Tarek, in Ägypten aufgewachsen, studiert in Kairo Betriebswirtschaft bis zum Bakkalaureus. Er will das Magisterstudium machen, da aber 1981 in Ägypten Studiengebühren für Sudanesen eingeführt werden, entschließt er sich 1984 nach Österreich zu gehen. Weil es hier keine Studiengebühren gibt. Genauer gesagt: gab. Er weiß, er muss sich seinen Aufenthalt selbst finanzieren. Denn seine Familie ist zwar nicht arm, aber auch nicht reich genug, um sich sein Auslandsstudium leisten zu können. 

Und so arbeitet er, während er Deutsch lernt, als Kronenzeitungsverkäufer. Schon nach einem knappen Jahr beginnt er Arabisch-Unterricht zu geben und lernt dabei seine spätere Frau Ursula kennen. 

Ursula stammt aus dem Waldviertel und studiert Arabistik. Es hätte auch Japanologie sein können. Hauptsache, eine Sprache, mit der man in Österreich nicht Lehrerin werden kann, was ihre Mutter gerne gesehen hätte. Diese war nämlich Lehrerin. 

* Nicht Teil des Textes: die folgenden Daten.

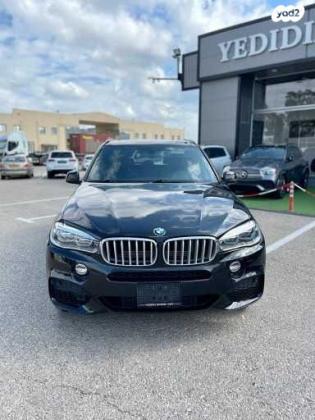 ב.מ.וו X5 4X4 XDRIVE40E Exclusiv היבריד אוט' 5מ 2.0(313כ''ס) היברידי חשמל / בנזין 2017 למכירה בקרית אתא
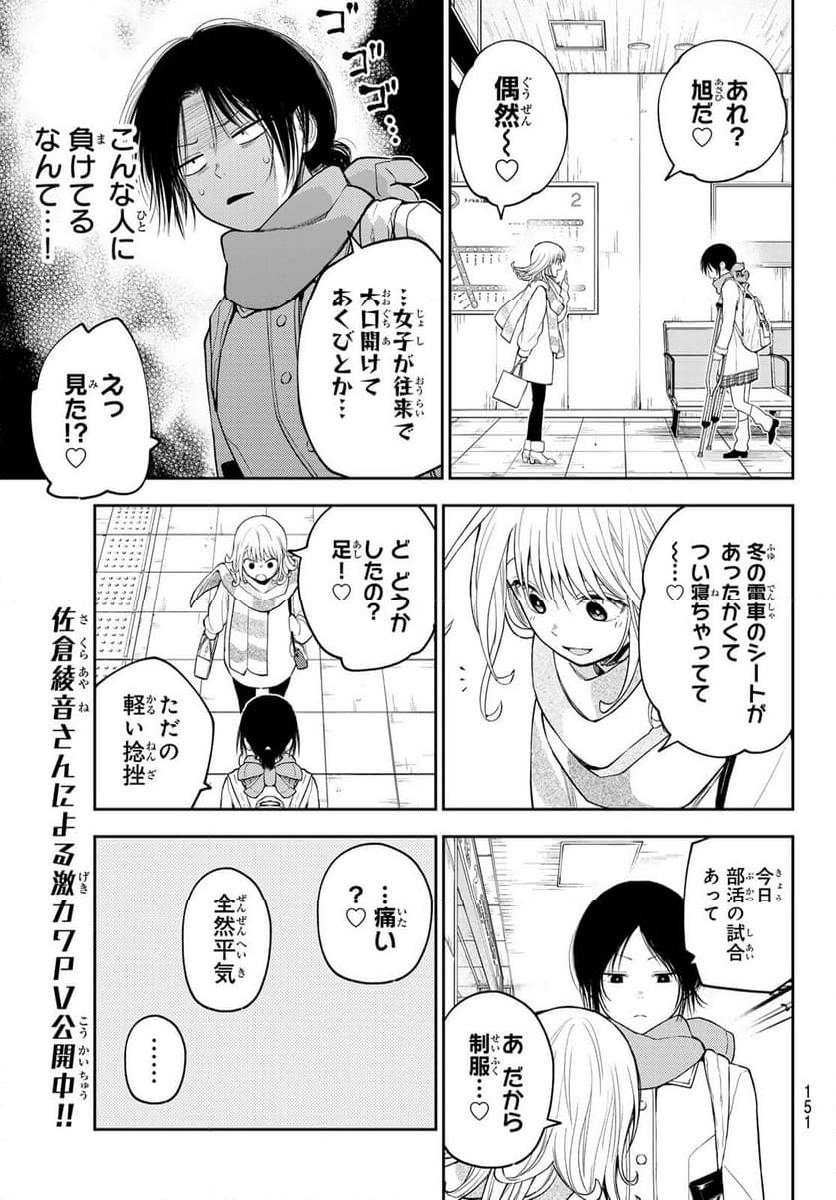 黒岩メダカに私の可愛いが通じない 第111話 - Page 7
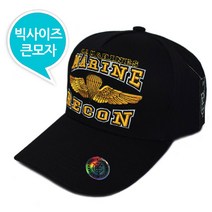 캡이요 1606 마린 큰모자 빅사이즈 대두모자 큰볼캡 큰머리모자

Ursula ist eine gute Studentin. 1981/ 82 bekommt sie ein Stipendium nach Kairo. Sie interessiert sich für die diversen arabischen Umgangssprachen. Denn Hocharabisch wird im Alltag kaum oder gar nicht gesprochen. Zurück in Wien übernimmt sie das Dissertationsthema „Die Sprache im ägyptischen Rundfunk“. Kein leichtes Unterfangen. Überhaupt, wenn man weit weg vom Schuss ist. Sie sucht vergeblich nach jemandem, der ihr beim Transkribieren der Tonbandaufnahmen helfen kann, und da entdeckt ihr Bruder auf einem Schwarzen Brett Tareks Telefonnummer. Das war im März 1985. 

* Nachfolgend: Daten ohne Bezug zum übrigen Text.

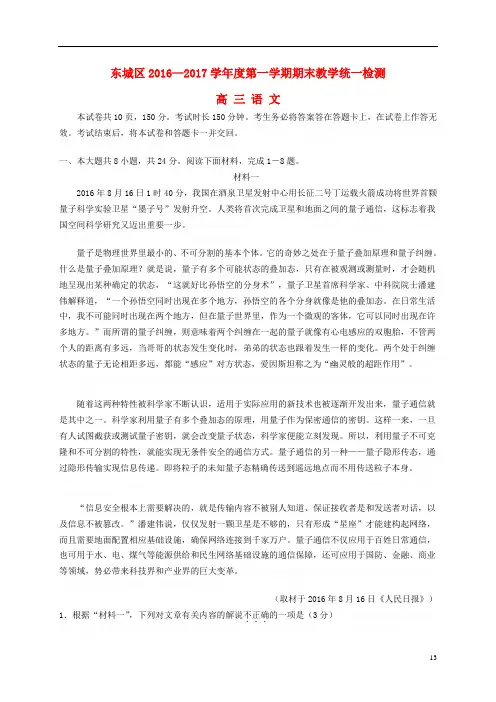 北京市东城区高三语文上学期期末考试试题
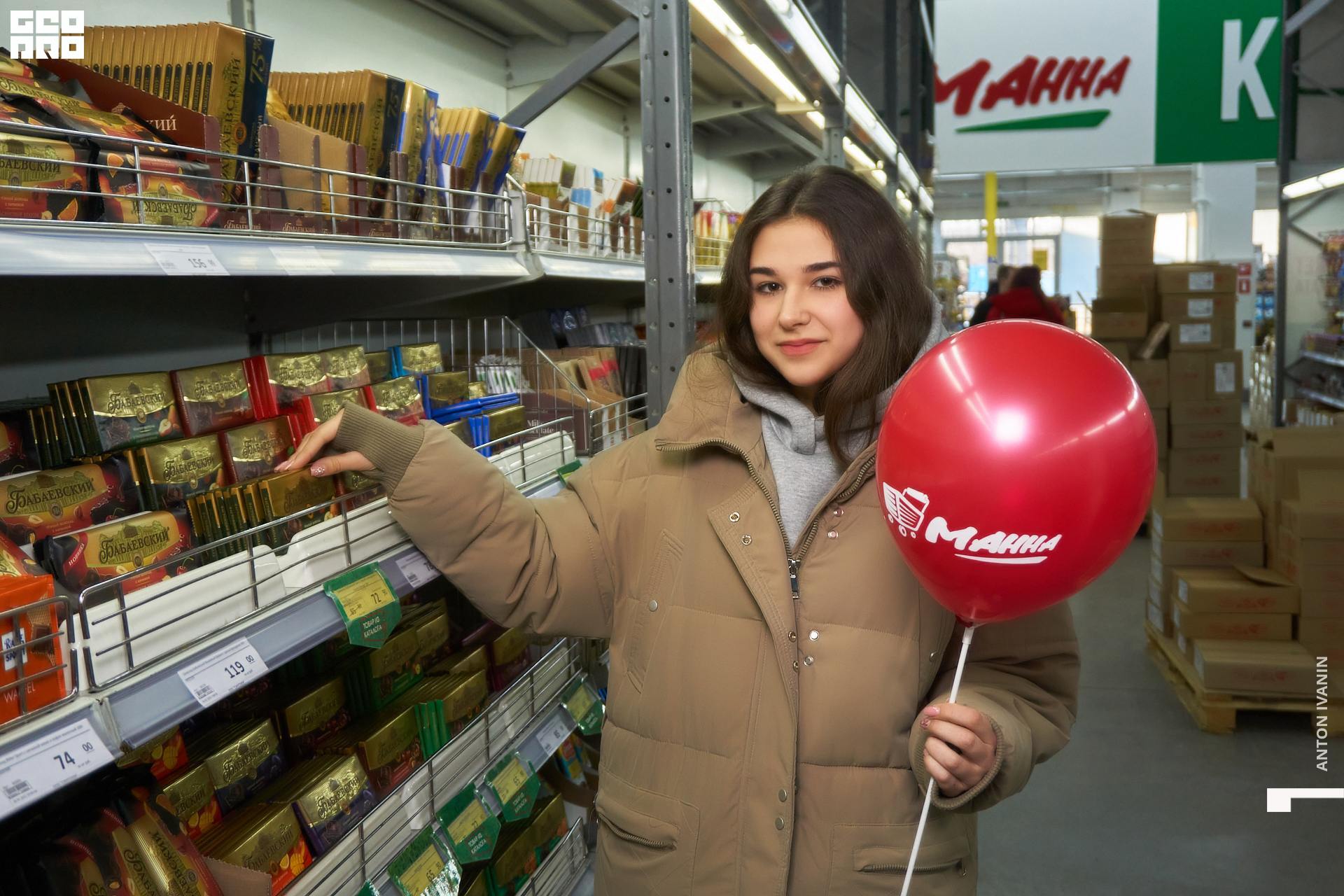 DSC09059 (Копировать).jpg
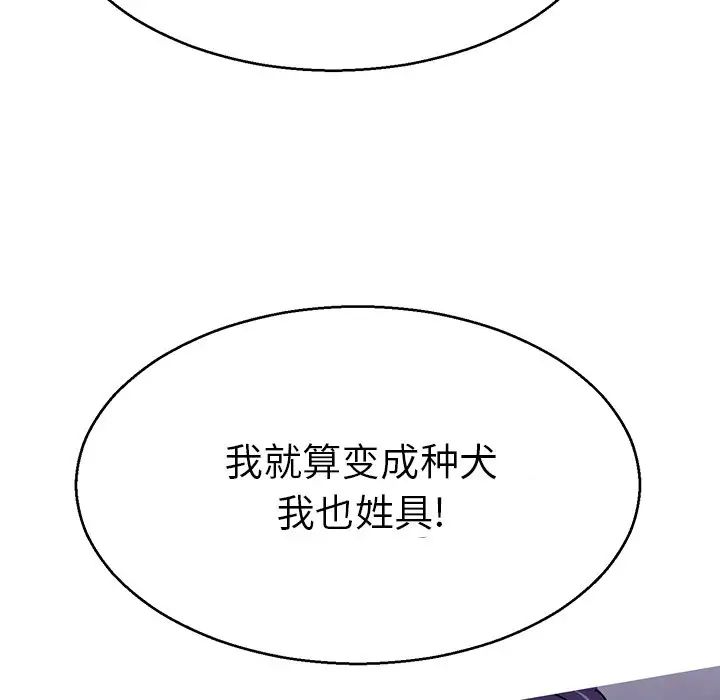 《教义》漫画 第15話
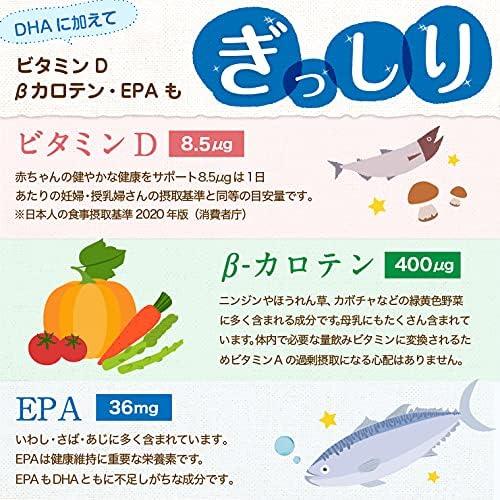 Botanical Label Megumi's DHA DHA supplement for your baby EPA β-carotene Pregnant women, early pregnancy, breastfeeding 90 tablets 30 days supply - BeesActive Australia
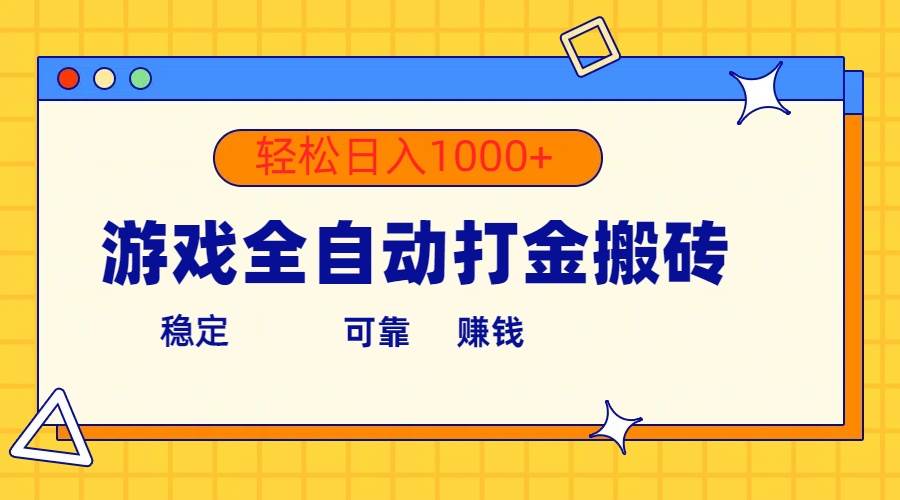 游戏全自动打金搬砖，单号收益300+ 轻松日入1000+-宝籍资源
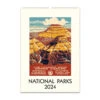 2024 National Parks Wall Calendar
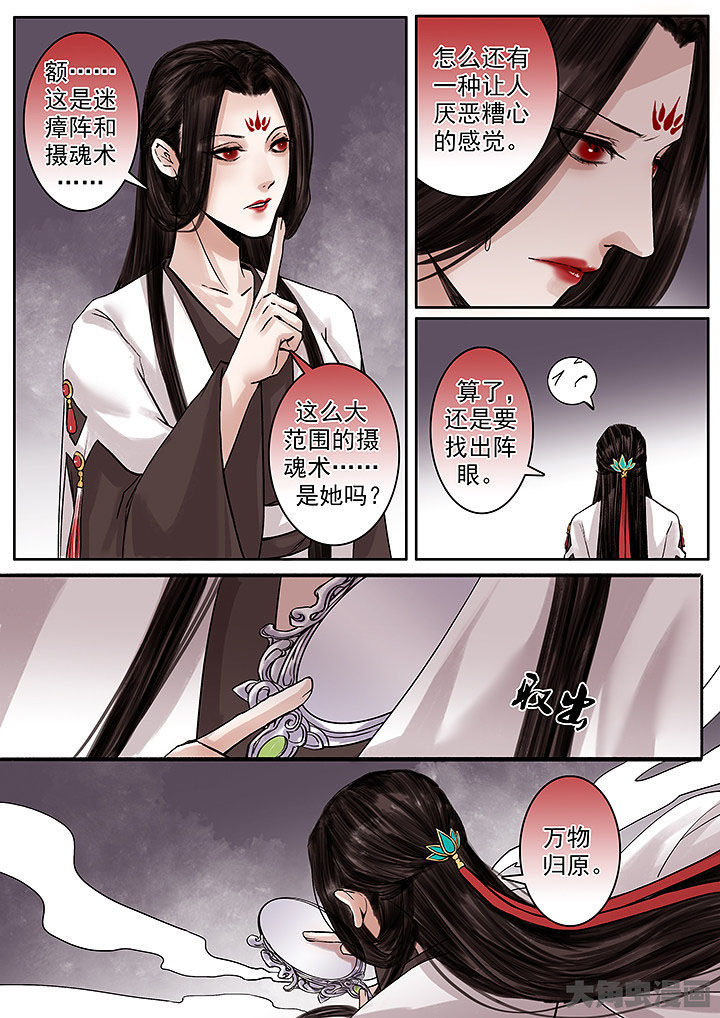 涅槃山怎么读漫画,第135章：1图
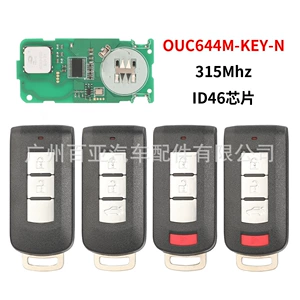 Mitsubishi 2/3/4 düyməli pult açar, 315 tezlik, ID46 çip, OUC644M-KEY-N.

Und was kam dann? Eine ideale Zusammenarbeit, man entdeckt gemeinsame Interessen und Ansichten, Seelenverwandtschaft, Liebe – jedenfalls ziehen Uschi und Tarek im Herbst zusammen und sind heute noch ein Paar. 
Was soll das?, fragen Sie. Wo sind wir? In einem Kitschroman oder gar im Paradies? 
Sparen Sie sich den Zynismus. In einem sehr bekannten ägyptischen Lied wird Wien tatsächlich als Paradies bezeichnet. Es beginnt so:

Nächte des Glücks in Wien,

ein Hauch von Paradies,

eine Melodie von überirdischem Klang,

die Vögel hören sie und weinen und singen.

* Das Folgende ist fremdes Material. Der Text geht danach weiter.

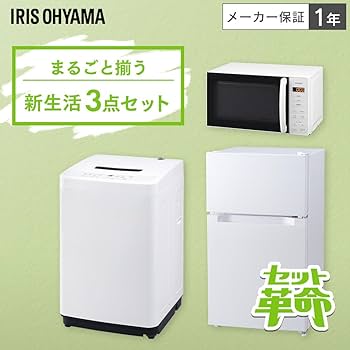 154 人気家電3点セット　保証込み　2023年製　1人暮らし　ホワイト　高年式 154 人気家電3点セット 保証込み 2023年製 1人暮らし ホワイト 高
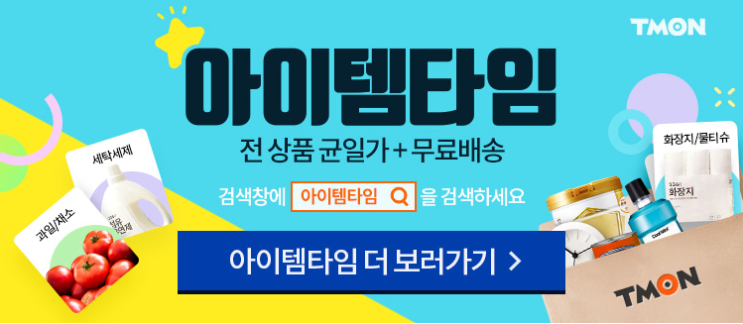 티몬 아이템타임 오뚜기밥 최저가 700원에 구매 가능!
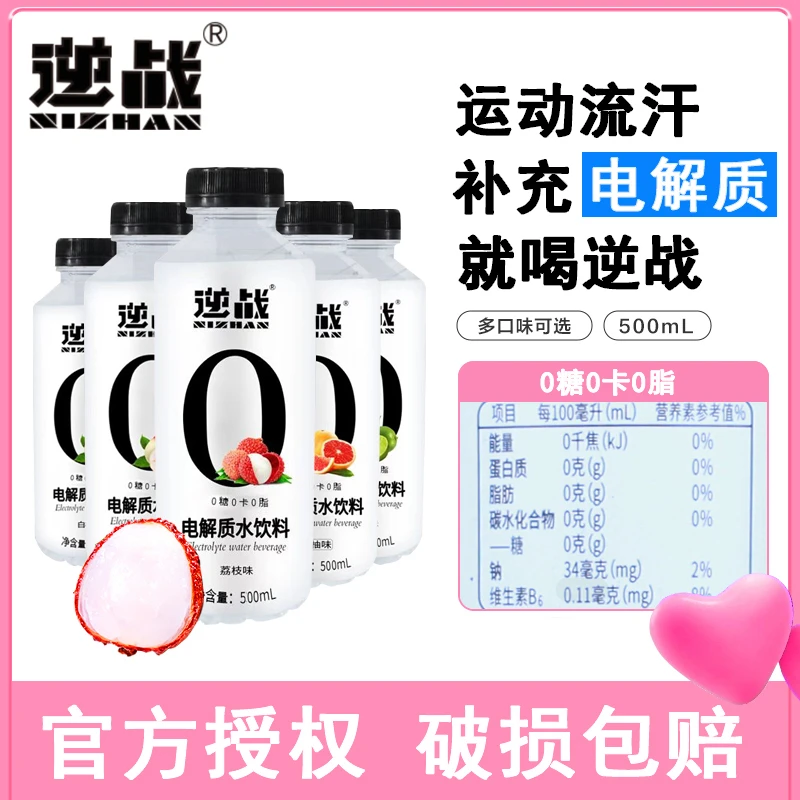 【临期】电解质水维生素运动饮料无糖500ML逆战电解质水西柚味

Glückseligkeit für Seele und Auge,

lass doch dein Herz sich freuen!

Liebende sind überall,

was fehlt da noch zum Paradies?

Das Lied entstand in den 1950er Jahren, als die berühmte, damals in Ägypten lebende syrische Sängerin Asmahaan Wien besuchte. Asmahaan sei leider, sagt Tarek, viel zu früh gestorben. Aber ihre Stimme bezaubere immer noch die Menschen. Und das Lied vom Wiener Paradies habe er immer schon geliebt – so wie die Hauptfigur seines letzten Romans das tut. Er heißt „Im Palmenhaus“ und ist heuer erschienen.

Ein schwarzer Simplicissimus

Da scheint ja einiges passiert zu sein seit 1985. Machen wir’s kurz: Tarek und Ursula haben geheiratet. Beide haben ihr Studium beendet. Beide haben als Übersetzer, aber auch im Bereich Integration gearbeitet. Ursula tut das heute noch. Beide haben Sprachen unterrichtet, Tarek tut es heute noch, allerdings schon auf der FHS Krems und auf der Uni Graz. 

In der Zwischenzeit hat Tarek zu schreiben begonnen. Auf Arabisch. Obwohl er ausgezeichnet Deutsch spricht. Aber Literatur schreibt er am besten in der Muttersprache, meint er. 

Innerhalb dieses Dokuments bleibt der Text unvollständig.